Step 1: CO₂ properties at reservoir conditions.

P = 15 MPa, T = 323 K (50 °C) PR-Peneloux density: ρ ≈ 720 kg/m³ (dense supercritical) FVW viscosity: µ ≈ 0.062 cP = 6.2e−5 Pa·s

Step 2: Volumetric injection rate.

m_dot = 50 kg/s Q = m_dot / ρ = 50 / 720 = 0.0694 m³/s (= 250 m³/h reservoir volume)

Step 3: Permeability and ln(re/rw).

k = 100 mD × 9.87e−16 = 9.87e−14 m² r_e = 1500 m, r_w = 0.108 m (8.5" wellbore, 4.5" casing) ln(re/rw) = ln(1500/0.108) = ln(13,889) = 9.54 S = 0 (assumed clean wellbore)

Step 4: Required drawdown (radial Darcy).

Q = 2π·k·h·ΔP / [µ·(ln(re/rw) + S)] 0.0694 = 2π · 9.87e−14 · 50 · ΔP / (6.2e−5 · 9.54) 0.0694 = 5.10e−7 · ΔP ΔP = 0.0694 / 5.10e−7 = 136,000 Pa = 0.136 MPa

Very low drawdown — this is an easy injectivity case (good kh).

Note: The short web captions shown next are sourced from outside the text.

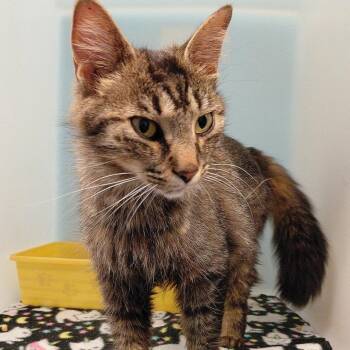 Belle -  Domestic Long Hair Cat for Adoption in Stanley, Virginia - Belle | PetCurious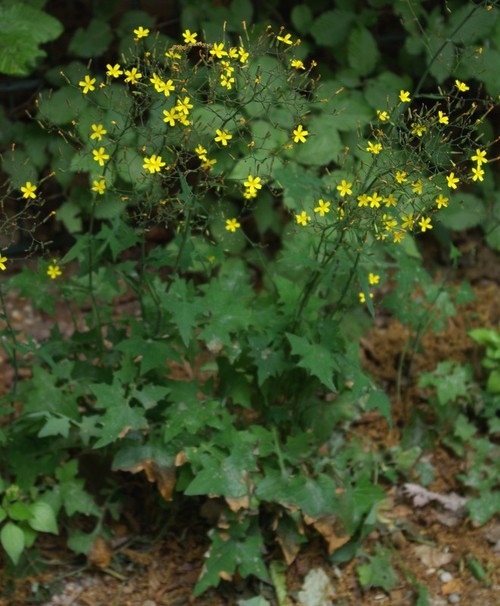 Lactuca muralis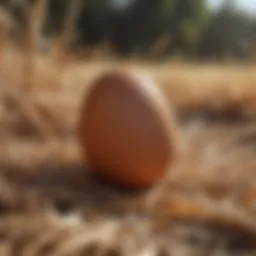 Close-up of a brown egg nestled in straw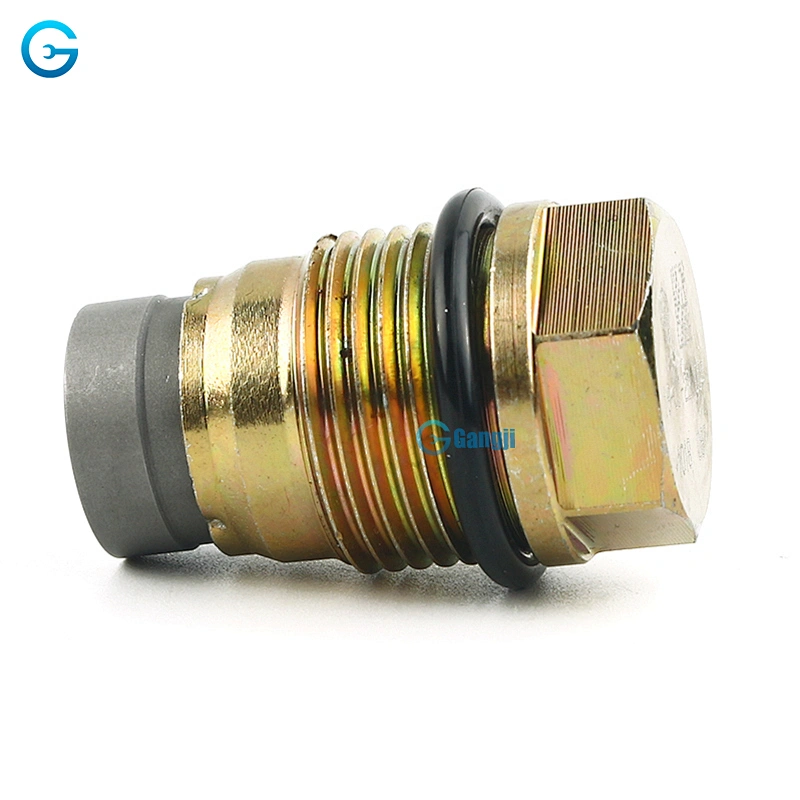 High Quality OEM 1110010018 Fuel Rail Pressure Relief Valve Sensor for Honda Fords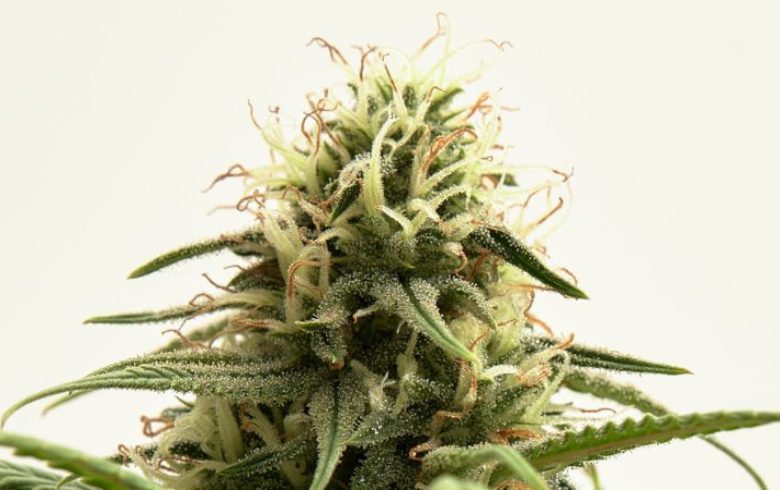 AK47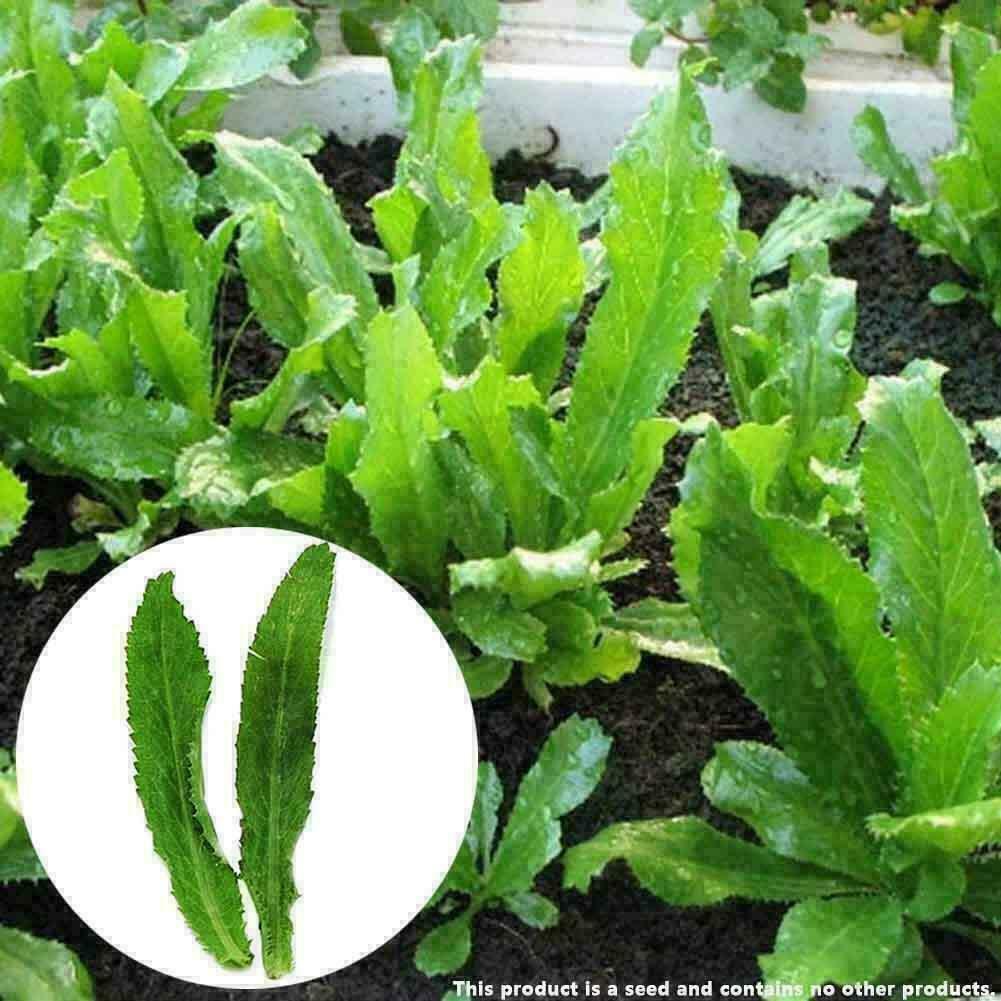 100pcs Culantro Eryngium Foetidum Vanilla Vegetable seeds 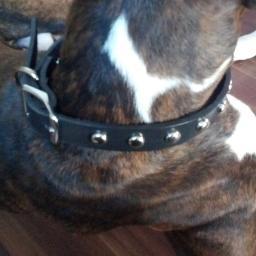 Dog Boutique for Clothing, Collars, Leads, and Accessories ❤  http://t.co/kiVJa1d8PL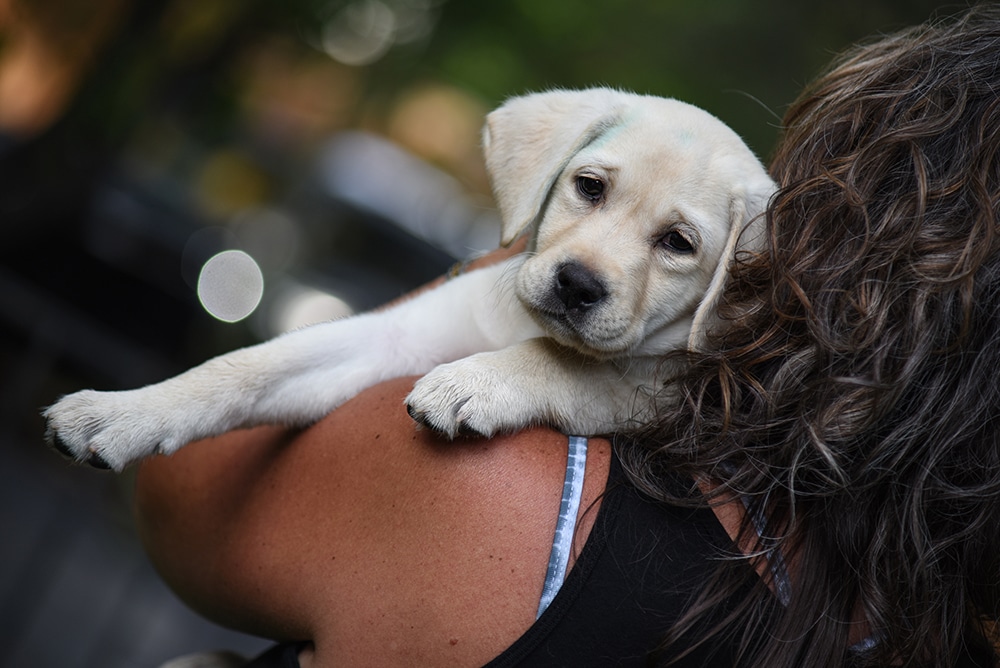 puppy in woman's arms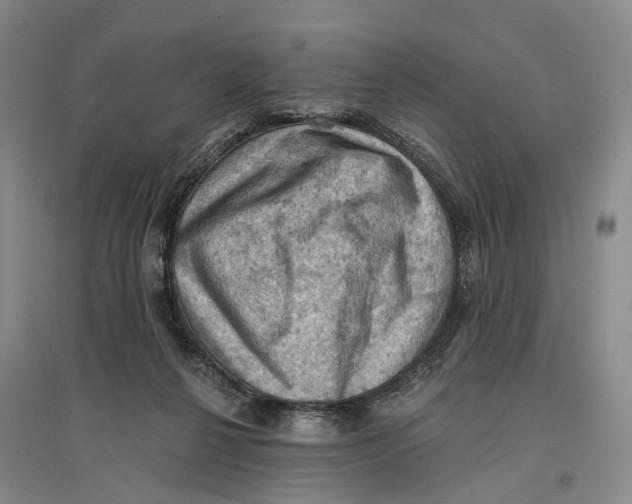 X0000096680264200802261523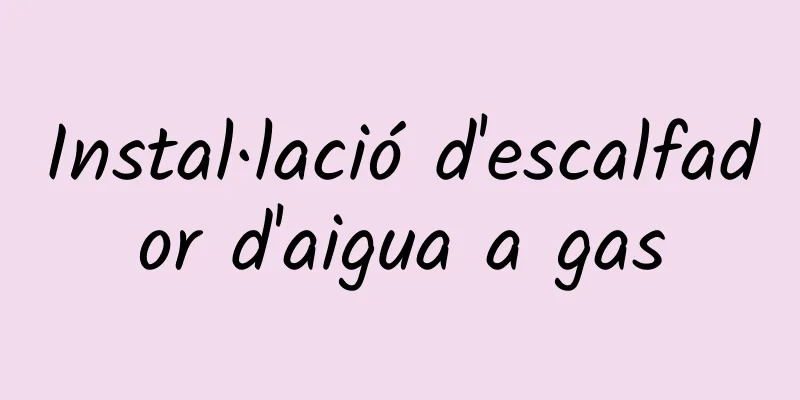 Instal·lació d'escalfador d'aigua a gas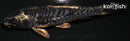 4.5" KIKOKURYU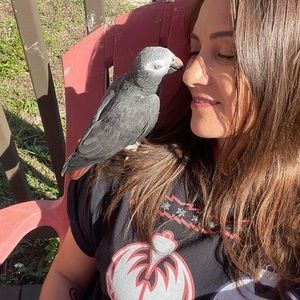 Meet your Posher, Celes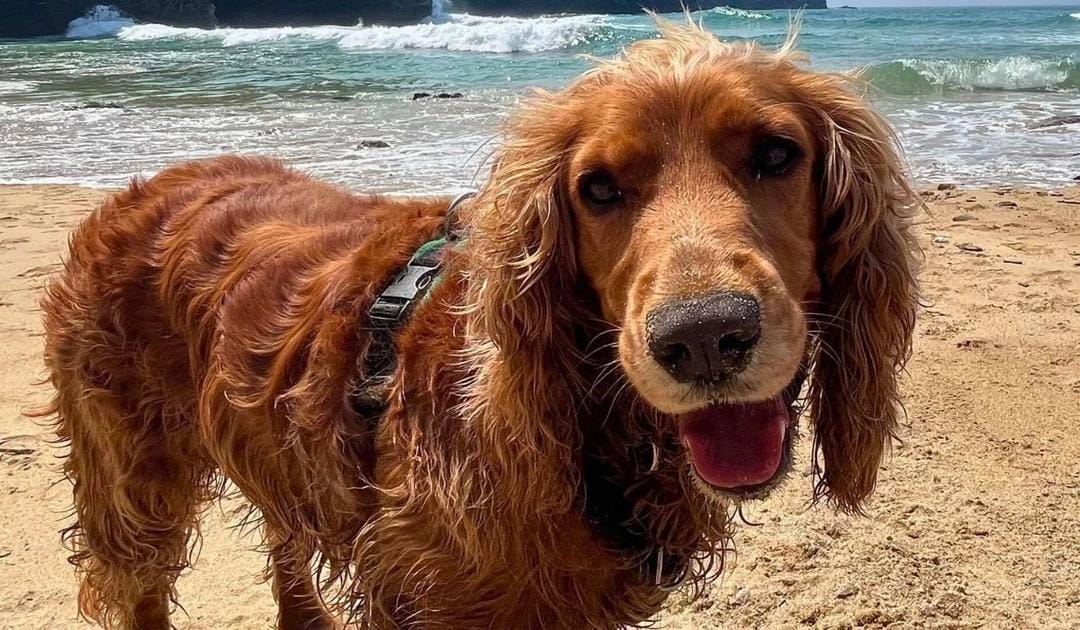 Dog Friendly Beaches in Cornwall
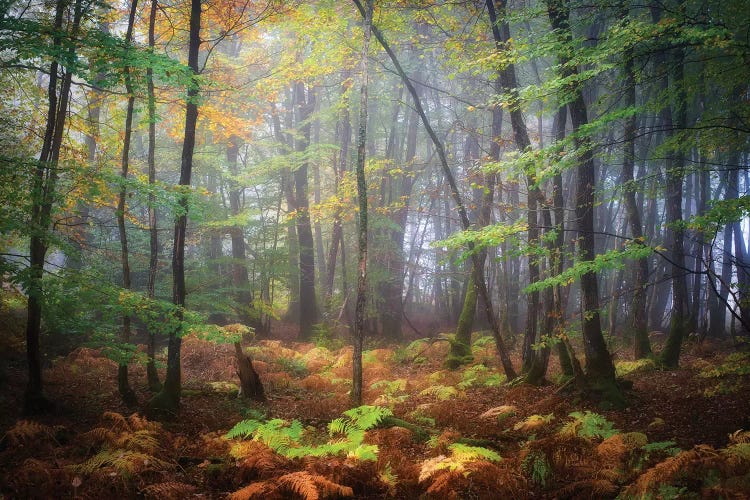 Colored Rain In Deep Forest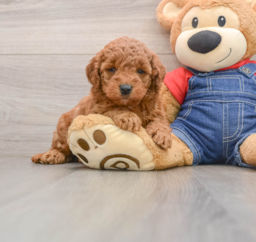 7 week old Mini Goldendoodle Puppy For Sale - Seaside Pups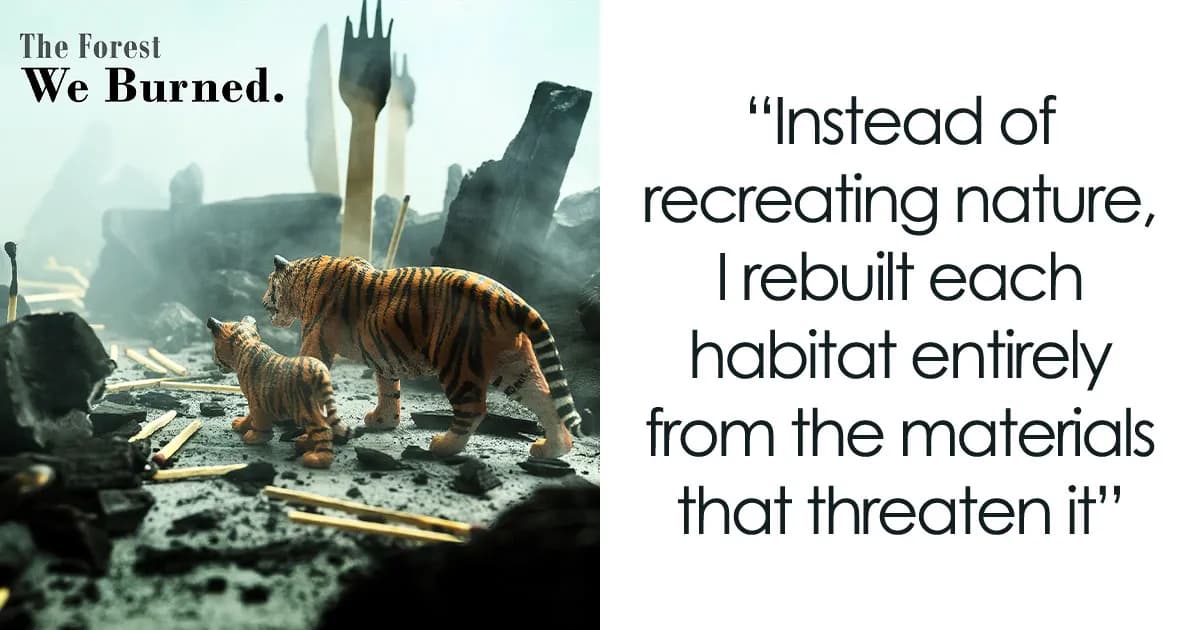 This Photographer Built Miniature Habitats To Show How Waste And Industry Are Endangering Animals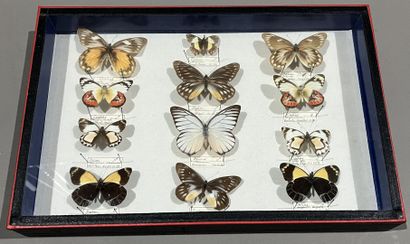 Four boxes of quilted butterflies, faded...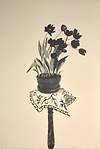 Black Tulips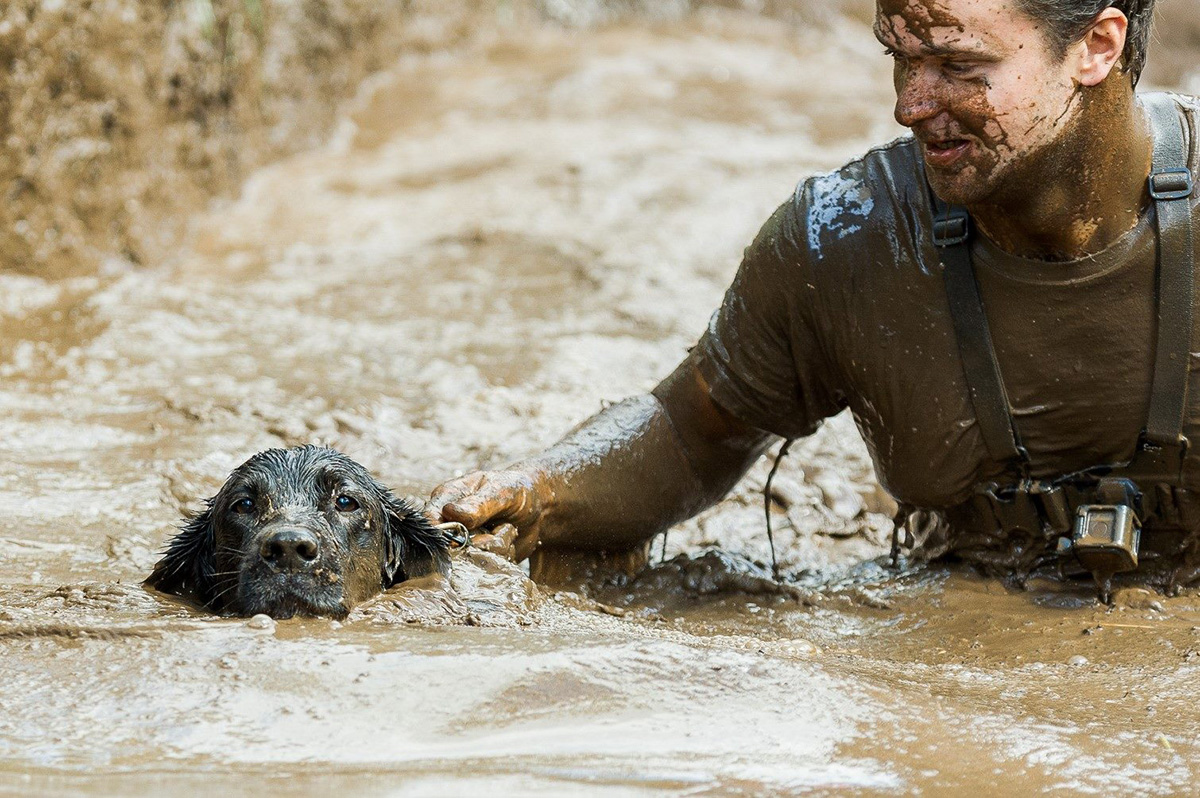 Muddy Paws Challenge South West Mudfest July 7 Australian Dog Lover
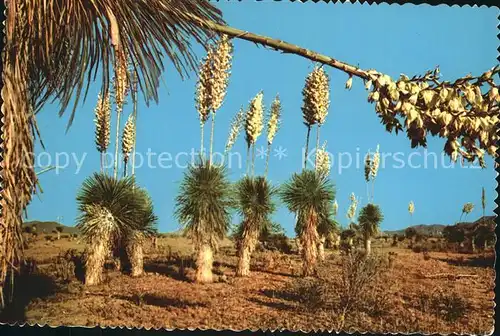 Kakteen Desert Yucca Spanish Bayonet  Kat. Pflanzen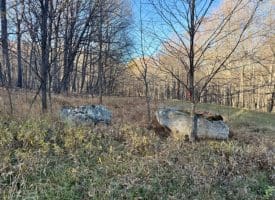 Lot 38 Monongahela Ln, Maysville, WV 26833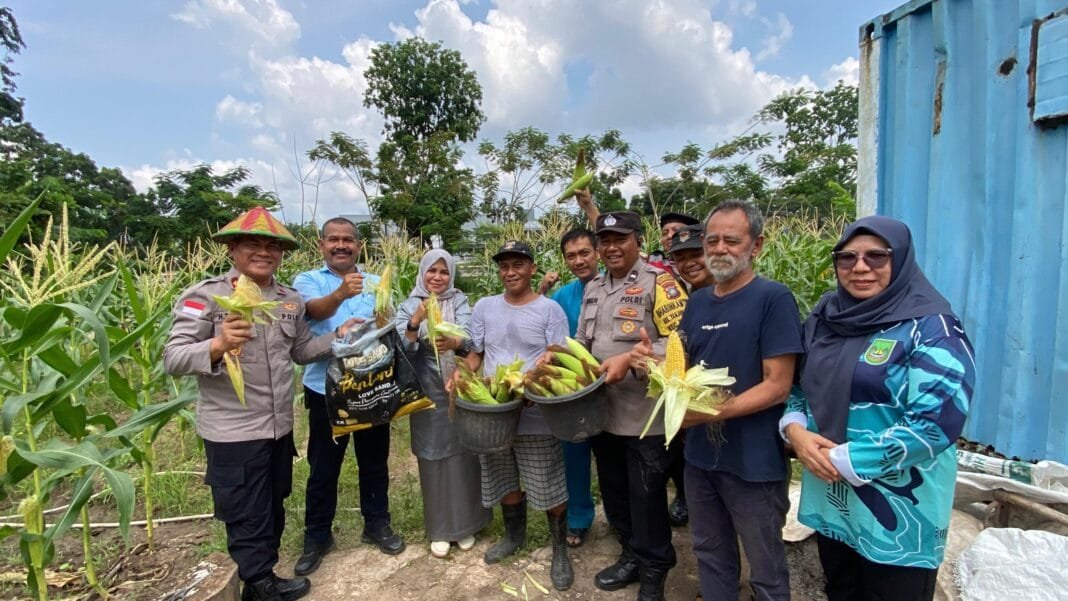 Polsek Sekupang Gelar Panen Raya Jagung di Tanjung Pinggir, Dukung Program Ketahanan Pangan Nasional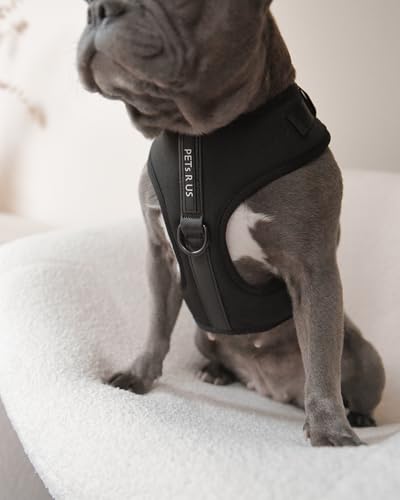Premium No-Pull Dog Harness Soft Neoprene & Breathable Mesh Vest with Front & Back Clip D-Rings Adjustable Lightweight Walking Harness for Puppies, Small & Medium Dogs (Black, S) - color: Black, size: S: Neck=13.8-17.3''/Chest=16.1-21.3''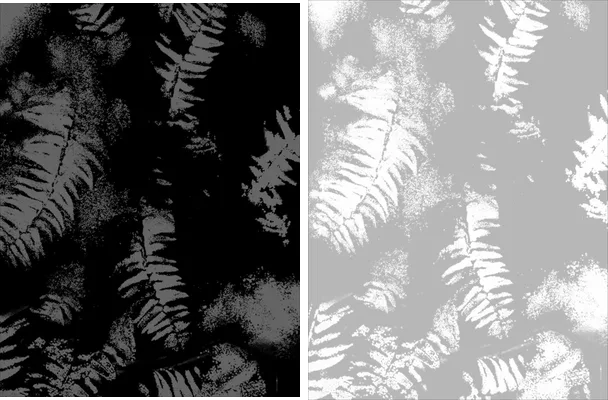leaves texture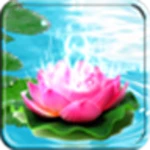 lotus live wallpaper android application logo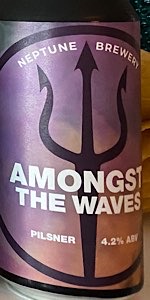 Amongst the Waves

Step 5: Bottomhole pressure.

P_BH = P_res + ΔP = 15 + 0.136 = 15.14 MPa

Step 6: Fracture pressure and margin.

P_frac = 1500 × 0.018 = 27.0 MPa P_max_op = P_frac × (1 − 0.10) = 24.3 MPa Margin to frac = 27.0 − 15.14 = 11.86 MPa = 43.9% margin ✓ (very comfortable) Margin to operating limit = 24.3 − 15.14 = 9.16 MPa

Step 7: Wellhead pressure.

Hydrostatic head of dense-phase CO₂ over 1500 m: P_hydro = ρ · g · L = 720 × 9.81 × 1500 / 1e6 = 10.59 MPa P_wh = P_BH − P_hydro = 15.14 − 10.59 = 4.55 MPa (self-flowing well at this depth — modest WHP needed)

Step 8: Injectivity index.

m_dot = 50 kg/s = 1.577 Mtpa ΔP = 0.136 MPa II = 1.577 / 0.136 = 11.6 Mtpa/MPa (excellent target)
Result: Single well easily handles 1.6 Mtpa with very low drawdown — this is a "world-class" saline storage target (k·h = 5000 mD·m). For 10 Mtpa total project, only 6–8 such wells are needed. The very low drawdown means pressure buildup over the plant life is also minor; long-term Class VI compliance straightforward. Tubing velocity check: 50/(720 × π × 0.0762²/4) = 14.5 m/s — well under DNV erosion limit.

8. Standards & References

  • ISO 27914:2017, Carbon dioxide capture, transportation and geological storage — Geological storage
  • ISO 27913:2016, Pipeline transportation systems
  • EPA Underground Injection Control Class VI Regulations (40 CFR Part 146 Subpart H)
  • EPA Class VI Permit Application Guidance (2013, updated 2023)
  • EU Directive 2009/31/EC on the geological storage of carbon dioxide
  • DOE NETL Best Practices: Site Screening, Selection, and Initial Characterization for Storage of CO₂ (2017)
  • DOE NETL Best Practices: Public Outreach and Education for Geologic Storage Projects (2017)
  • API Specification 5CT, 11th Ed. (2018), Casing and Tubing
  • Hubbert, M.K., Willis, D.G. (1957). "Mechanics of Hydraulic Fracturing," Petroleum Trans. AIME 210, 153–166.
  • Bachu, S. et al. (2007). "CO₂ storage capacity estimation: Methodology and gaps," Int. J. Greenhouse Gas Control 1, 430–443.
  • IPCC Special Report on Carbon Dioxide Capture and Storage (2005)
  • IEAGHG Storage Resources Estimation, various reports
  • Sleipner CO₂ Storage Project (Equinor) — operating since 1996; foundational dataset
  • Quest CCS Project Annual Reports (Shell Canada)
  • CarbFix (Iceland) — basaltic mineral storage demonstration

Frequently Asked Questions

What types of geological formations are suitable for CO₂ storage?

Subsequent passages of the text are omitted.